In that control I make use of <%= %> blocks to refer to members that I've declared in the code-behind file. If I compile and deploy the control, it works fine. But in Visual Studio I get a lot of design-time errors, "{some variable} does not exist in the current context." And Intellisense breaks too: it works for members of UserControl, but can't find my own declared members. There are other issues as well. In general, everything points to the fact that the ASP.articleview_ascx class getting generated is somehow not inheriting from the MyNameSpace.ArticleView class.

I've found that if I switch the CodeBehind attribute to "CodeFile":

<%@ Control Language="C#" AutoEventWireup="true" CodeFile="ArticleView.aspx.cs" Inherits="MyNameSpace.ArticleView" %>

suddenly Intellisense works and all the design-time errors disappear. But I don't want to do runtime compilation, or deploy my .ASCX.CS files - so I can't use CodeFile.

I've checked the simple stuff, like making sure that my CodeBehind filename is correct & the Inherits class has the proper namespace, etc. (And since it works properly after changing the attribute to CodeFile, those must be pointing at the right place....) But what am I missing? Why can't it handle the CodeBehind attribute?

Thanks,
Steve


Update: from a thread below - basic question was, why not just use CodeFile? Answer: when I try to deploy using CodeFile= in my files, after deploying I receive the following stack trace (presented in its entirety):

/_layouts/Pages/ViewPage.aspx.cs' does not exist. at System.Web.UI.Util.CheckVirtualFileExists(VirtualPath virtualPath) at System.Web.UI.TemplateParser.ProcessCodeFile(VirtualPath codeFileVirtualPath) at System.Web.UI.TemplateParser.ProcessMainDirectiveAttribute(String deviceName, String name, String value, IDictionary parseData)

(This is from a request to /_layouts/Pages/ViewPage.aspx. ViewPage is the page that has several other controls including the ArticleView mentioned in my original example. It just happens to be the first file that fails - if I go back to CodeBehind= in ViewPage, then included ASCX with CodeFile= will fail in the same way.) This seems to be the page compiler complaining because the inherited codebehind class can't be found in any loaded DLL, so it expects there must be a CS file to do on-demand compilation.

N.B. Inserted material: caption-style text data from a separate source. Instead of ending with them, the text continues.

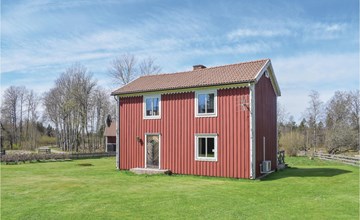 Nice home in Lenhovda with kitchen 3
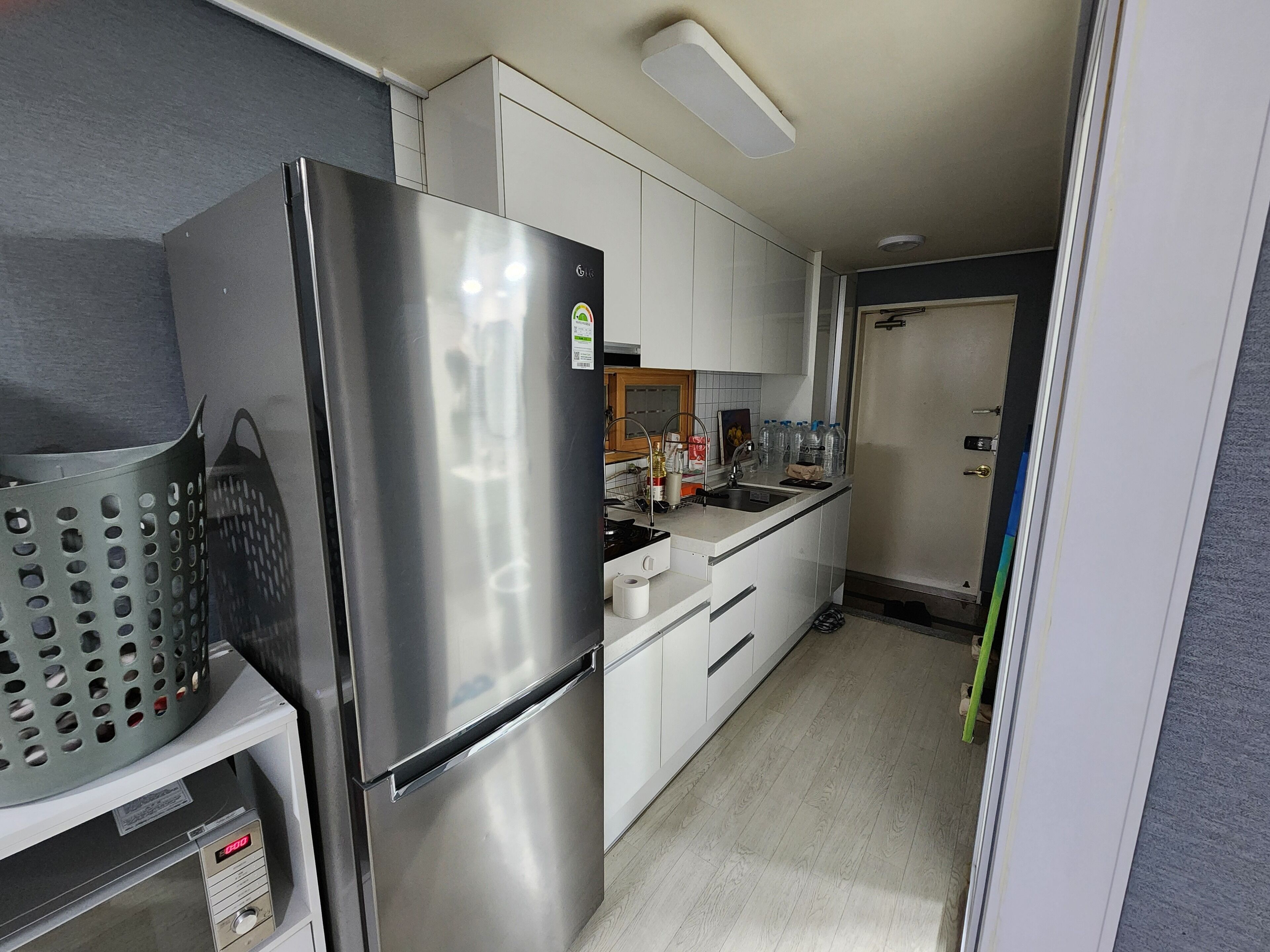 Desk, blackout drapes, free WiFi, bed sheets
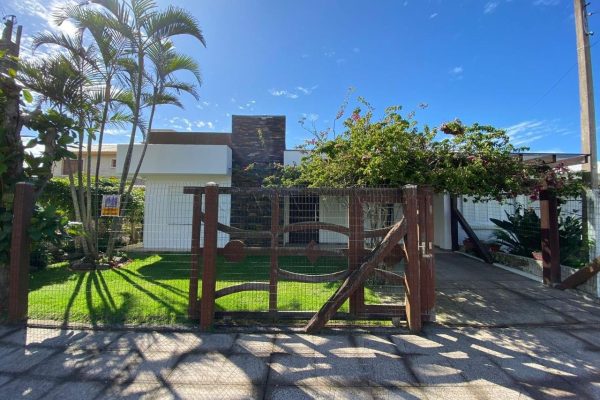 Casa para comprar ou alugar com 143m², 4 quartos, 4 suítes, 2 vagas no bairro Noiva do Mar em Xangri-Lá - Foto 2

The issue here is that I don't want to deploy CS files, just ASPX/ASCX. Having read through many articles like this great one I'm aware of the various new models of deployment, although I've never used anything but a Web Application Project (converted forward from VS2003, we were late adopters of 2005 & the WAP model had already been added by the time we switched up from 2003.) Over many VS2005/8 projects, I've never had a problem with CodeBehind=, until this Intellisense issue showed up... though it doesn't help that in this case I'm deploying to SharePoint, which introduces a whole new level of complexity.

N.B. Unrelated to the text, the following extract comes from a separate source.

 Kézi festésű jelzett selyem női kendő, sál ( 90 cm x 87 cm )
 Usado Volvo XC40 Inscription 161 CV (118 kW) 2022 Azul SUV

Since I've not deployed using CodeFile before, it's very likely that I'm missing some option I'm supposed to set in VS when building, in order to force a pre-compile. I just need to be able to deploy, as I do today, as a set of ASPX/ASCX with a single codebehind DLL. And that's working today with CodeBehind= ... it just has the originally mentioned Intellisense problem, which is really what I want to fix :)

Will post more as I identify what files might be relevant to the question...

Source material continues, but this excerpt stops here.